Poi il cielo si abbuiò; tutto ad un tratto
il sogno mio fu cancellato e spento.
Com’era nato, al pari e ancor più ratto,
svanì nel nulla, cenere nel vento
Lido Pacciardi
Pascoli è Pascoli: è incommentabile. Tanto più che Alexandros è uno dei suoi poemetti maggiormente conosciuti e pertanto non rappresenta una novità. Ma Lido è una continua sorpresa; capisco perché abbia un posto d’onore nella biblioteca del suo paese. Alla sua morte gli intitoleranno una strada, una scuola o la stessa biblioteca in quanto è giusto che venga ricordato. Complimenti !!!

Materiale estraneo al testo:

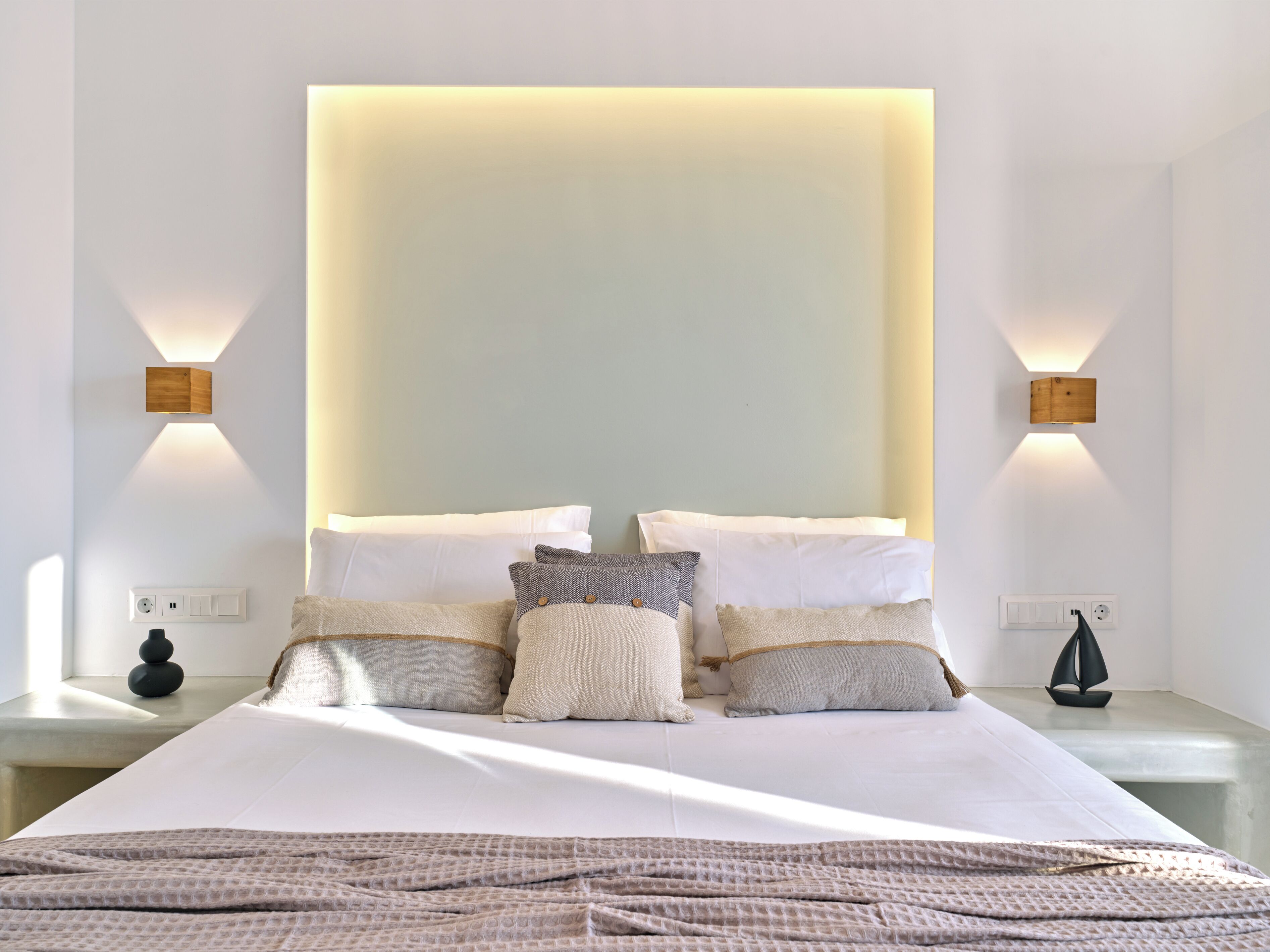 A modern bedroom with a large bed, multiple pillows, bedside tables, and wall-mounted lighting.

Ti ringrazio cara Carla per la tua affettuosa ironia. Ma spero di venire ricordato il più tardi possibile. Questo sogno omerico è una reminiscenza delle recitazioni di mio padre Ferdinando nelle veglie invernali, quando ero bambino.
Caro Lido, non c’era niente di ironico nel mio commento. Sono estremamente convinta delle mie affermazioni pronunciate in assoluta serietà.
Sei troppo… buona. Ti ringrazio nuovamente.
………
“soffio possente d’un fatale andare,
oltre la morte; e m’è nel cuor, presente
come in conchiglia murmure di mare.”
……
Nella parola pascoliana la nettezza e l’autonomia ritmico-fonetica nonché l’essenzualità sintattica, sono encomiabili. A ciò si affianca una ricercatezza lessicale che non è ostentazione ma scelta linguistica sempre opportuna, quasi cogente, tratta da un bagaglio verbale sterminato.
Ne risulta un dettato nobile, neutro,
autonomo, di straordinaria purità.
Per questo Pascoli è un maestro di poesia e bene fa il mio amico Lido a ispirarsi a lui.